My friend Sami and I recently built Vizly, a Mac application that allows anyone to query their databases using plain English.

Vizly is built on Llama 2, llama.cpp, and runs fully on-prem (edit: meaning everything is local and your data never leaves your own computer).

We are running two Llama models, one for natural language to SQL translation, and another that uses the results from the SQL to render visualizations. That means there are no external APIs and all the AI models are running locally on your MacBook.

We tried to make Vizly very easy to share as well. Every Vizly instance creates a share link that can be accessed by anyone on the same network as you. Just send the share link to anyone on the same network and they will be immediately able to run AI-powered queries, hosted from your device.

Vizly previously used to be a hosted solution for querying CSVs and now we are on-prem specifically focussed on databases.

Would love if you could try it out and give us any feedback!




This is a cool experiment, but at least in my company I’m not sure how useful it would be.

There are some non-developer users who can run queries on a read-only copy of the database. However, for anything complicated they usually have to ask the developers whether the query they have written actually matches the English description of what they want. Sometimes it does, but often there’s some nuances that their query doesn’t capture.

Most of the expense of getting this data isn’t writing the query, therefore, it’s validating it.

If you need the help of a tool like this to write your query, how are you possibly going to know whether the results are what you want without taking the generated query to an expert?


I was wondering the same thing with these kind of products.

Garbage in - garbage out.

Same concern I have with all the companies using LLM for searching company documents.

Most of the data I have seen at the corporate level does indeed have nuance to it and is often not as clear as just the named column. Usually not much of any documentation and that is always a tough problem to solve. Imo it’s about how to maintain knowledge bases properly, it’s a tough but to crack.


a fool with a tool is cheaper than an expert. especially if expertise is needed to adequately estimate cost.

that’s the gamble all of these “natural language” tools are making. sell to people that aren’t experts, attempt to deflect criticism from those that are. what’s a $20k subscription compared to a $200k person?

what comes next depends on the company. some will invest the money in the product to make it more useful. others will search for more fools.

most importantly, nobody wants to be left behind. there’s a lot of products that need more time in the oven, but that’s never stopped a good salesperson.


Sadly, they won't care - they'll trust the tools, like they've blindly done for decades. "Computer says no", and all that.

We're in for a scary wild ride.


Looks like a great start. Congrats on launching. I think this is a potential killer use case for LLM. The privacy aspect it great. One challenge I’ve personally experienced trying to scale my own on prem AI product is that deployments that need prod data access almost always require some handholding/bespoke work as well as insanely arduous legal contracting, especially as you get in to enterprise who most value to privacy element. Making scaling hard. One GTM channel you might want to consider is something like the AWS Server Offer or other similar cloud/data vendor partnerships that might help solve some of these challenges. These vendors are also falling head over heels to support Gen AI startups get on to their platforms atm.


> killer use case for LLM

I hope you're referring to 'someone can eventually get killed by this'.

For the love of humanity, please don't use this in any real world case. Llama will generate mistaken queries in at least single-digit % of cases (optimistically).

If you use this, it's a matter of time for a mistaken query to coincide with very bad timing and context, leading to bad outcomes.


You’ve conveniently dropped the word “potential” from the start of your quote.

> any real world use case

I can see plenty of real world use cases where a trade off between ease of use and accuracy might be acceptable, there are a plethora of technical solutions to improving/checking accuracy and workflows can be designed to prevent “bad outcomes”. Certainly enough potential here for a set of plucky founders to give this a crack.


> plenty of real world use cases

Any examples come to mind?

I can't see a case when data retrieved from a database will be wrong, someone will do something with it, and it's fine.

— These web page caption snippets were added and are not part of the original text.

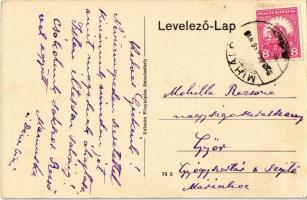 1929 Sand, Hangya fogyasztási szövetkezet üzlete, Evangélikus templom, iskola és lelkészlak, utcakép...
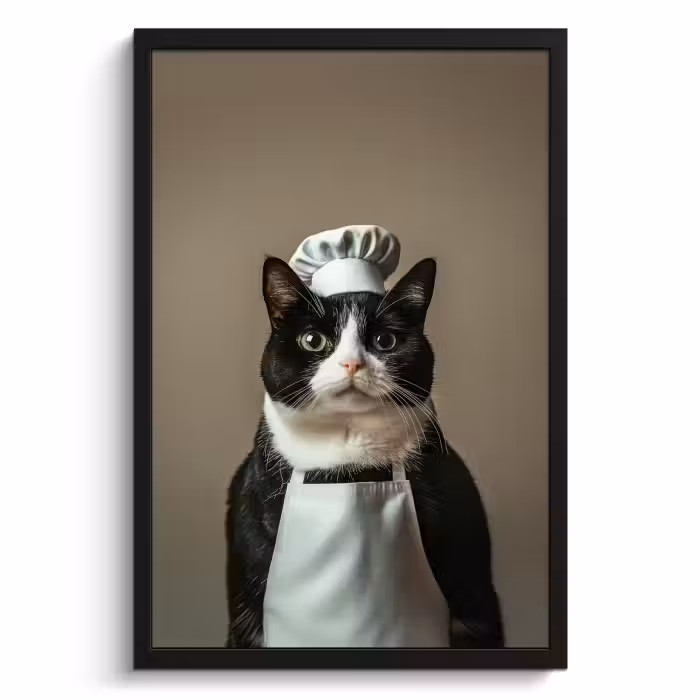 Cuadros enmarcados - Gato - Ropa de cocinero - Negro - Blanco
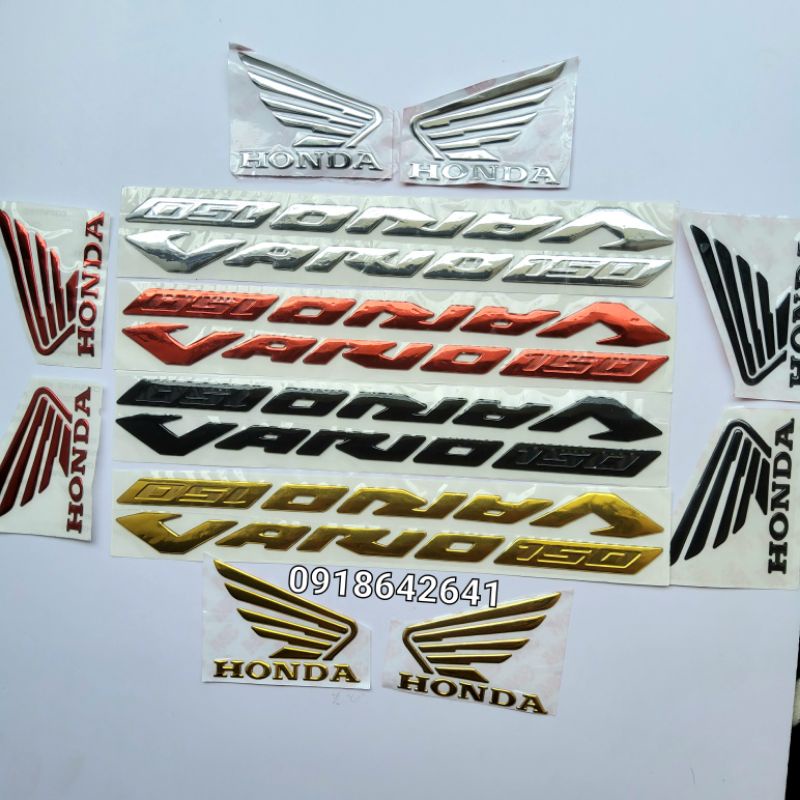 Combo tem chữ Vario 150 đời 2018-2019 nhựa dẻo và cánh chim honda như zin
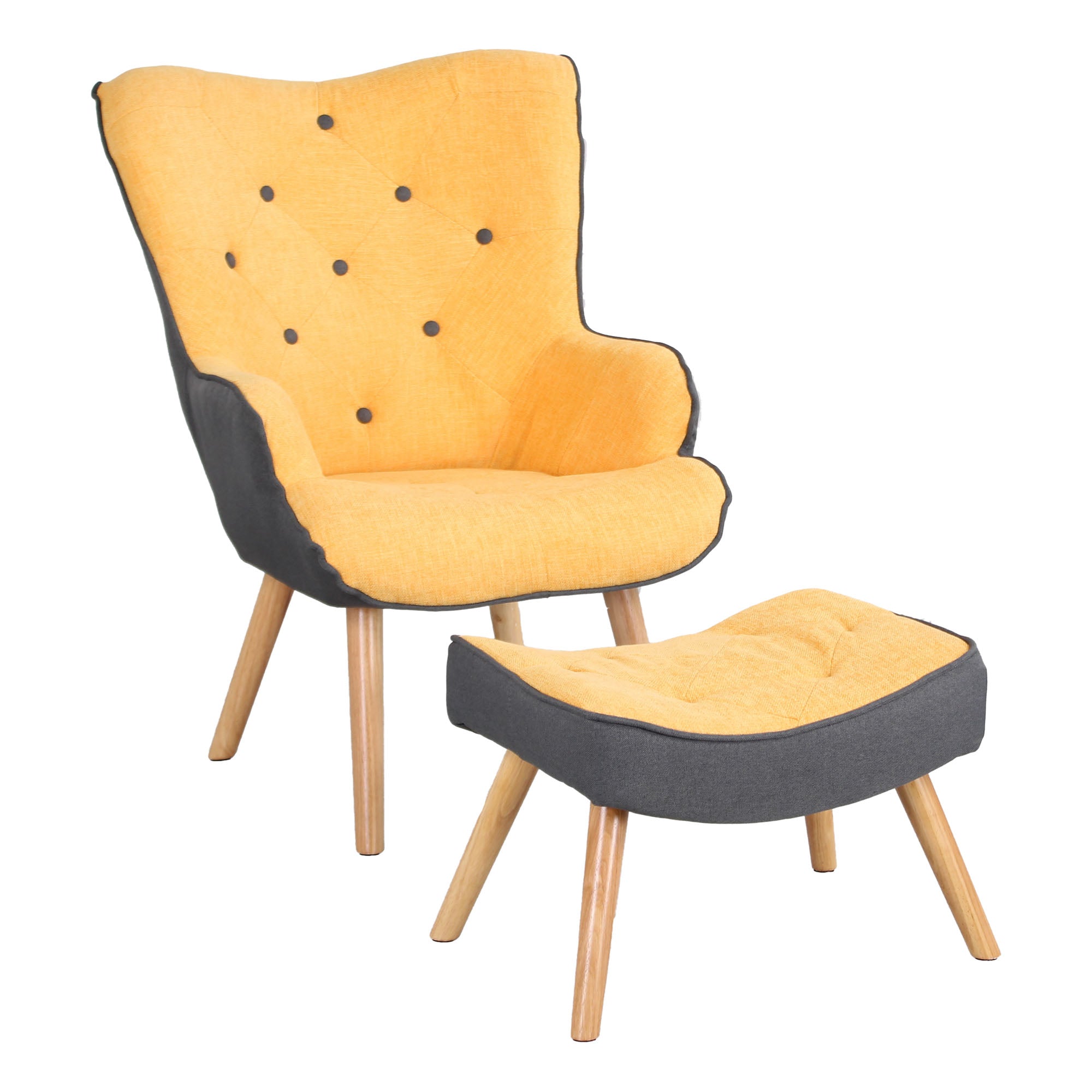 Poltrona in tessuto modello Glaciale colore Ocra (con pouf)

I can see the most potential for this type of product where it had access to multiple company systems. You could ask a whole bunch of stuff. Have we ever done a customer survey on x, where can I find the results, who wrote the report, summarise the findings, do they still work here, what’s their email.

I get this product looks like it’s single db, not yet connectable to knowledge systems, file stores etc. but it doesn’t take much imagination to see it going there. Having an interactive company brain would be useful even if you don’t want to trust it to answer more specific questions like “what percentage of our customers are x”.


> do they still work here, what’s their email

And what happens when you send the wrong message with sensitive data to the wrong Brian because of that?


What sort of safeguards do you have to prevent the LLM from emitting sql queries that edit the data?


So the way that we enforce it, is that we only generate SELECT queries, and do a post process verification to make sure that the result is actually only a read-only query.

I think you have a great point though, this should be made much clearer so users can build trust in using the product. Thanks a lot for the feedback!


> So the way that we enforce it, is that we only generate SELECT queries, and do a post process verification to make sure that the result is actually only a read-only query.

So it will select from functions?

  CREATE OR REPLACE FUNCTION delete_all_from_table(_tbl regclass)
  RETURNS integer AS
  $func$
  DECLARE
    _r record;
    _count integer = 0;
  BEGIN
    FOR _r IN 
        EXECUTE format('DELETE FROM %s RETURNING *', _tbl)
    LOOP
        _count := _count + 1;
    END LOOP;

    RETURN _count;
  END
  $func$  LANGUAGE plpgsql;


SELECT delete_all_from_table('users');


What safeguards prevent the LLM from generating Cartesian products?


Isnt that as easy as giving a non-write user to the app?


This is another way to make sure that the app doesn't overstep it's permissions,

It's still very valid feedback, on our side we should make the permissions of each user very clear and make it clearer that we only do select queries. Will make sure to make those changes! Thanks for the feedback!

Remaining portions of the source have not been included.